|First Line:||Here, O Lord, your servants gather|
|Title:||Here, O Lord, Your Servants Gather|
|Japanese Title:||Sekai no tomo to|
|Translator:||Everett M. Stowe (1958, 1972)|
|Author:||Tokuo Yamaguchi (1958)|
|Copyright:||© 1990 JNCC; Tr. © 1990, Everett M. Stowe|
All st. = John 14:6
st.2 = Rom. 10:12-13
This hymn expresses Christian unity in diversity, especially cultural or ethnic diversity. As servants of the Lord, believers sing of hope amid change and turmoil. They find rest in the Lord's peace and proclaim their purpose by living the way of Christ. Based on Jesus' words in John 14:6 and on Christ-centered teachings such as those in Romans 10:12-13 and Ephesians 1:7-14, "Here, O Lord" states that Jesus, our Savior, is the Way (st. 1); Jesus, our Teacher, is the Truth (st. 2); and Jesus, our Healer, is the Life (st. 3). The song closes with a prayer asking Jesus, our Master, for continued help and guidance (st. 4).
While serving as a pastor of the United Church of Christ in Toyohashi, Japan, Tokuo Yamaguchi (b. Tomie-cho, Fukue Island, Nagasaki-Pref., Japan, 1900; d. Aichi-Pref., Japan, 1995) wrote the text for the fourteenth International Christian Education Conference held in Tokyo in 1958, just one year after the launching of Sputnik and the resulting new emphasis on education. The theme of that conference was "Christ, the Way, the Truth, and the Life." Everett M. Stowe (b. 1897) translated the Japanese text into English. The hymn was sung in both Japanese and English at the conference. No other information is available on Stowe.
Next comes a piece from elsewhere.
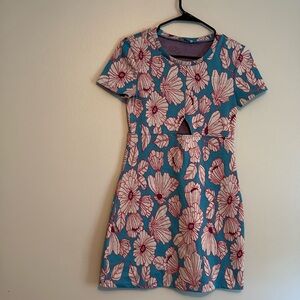 ZARA Dress, mini, size small, blue, pink & white flowers, beautiful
Yamaguchi was a Methodist pastor in Sawara, Tanimura, Fujieda, and Asahikawa, following his graduation with a theology degree from Aoyama Gakuin University in 1924. His longest term of service was as pastor of the United Church of Christ in Toyohashi in the Aichi Prefecture (1937-1979). He translated The Journal of John Wesley into Japanese in 1961 and was honored by the Christian Literature Society of Japan in 1983 for his translation work.
Beginning of worship; Worldwide Communion Sunday; All Nations Heritage celebrations; mission emphasis; similar worship services that stress the "communion of the saints."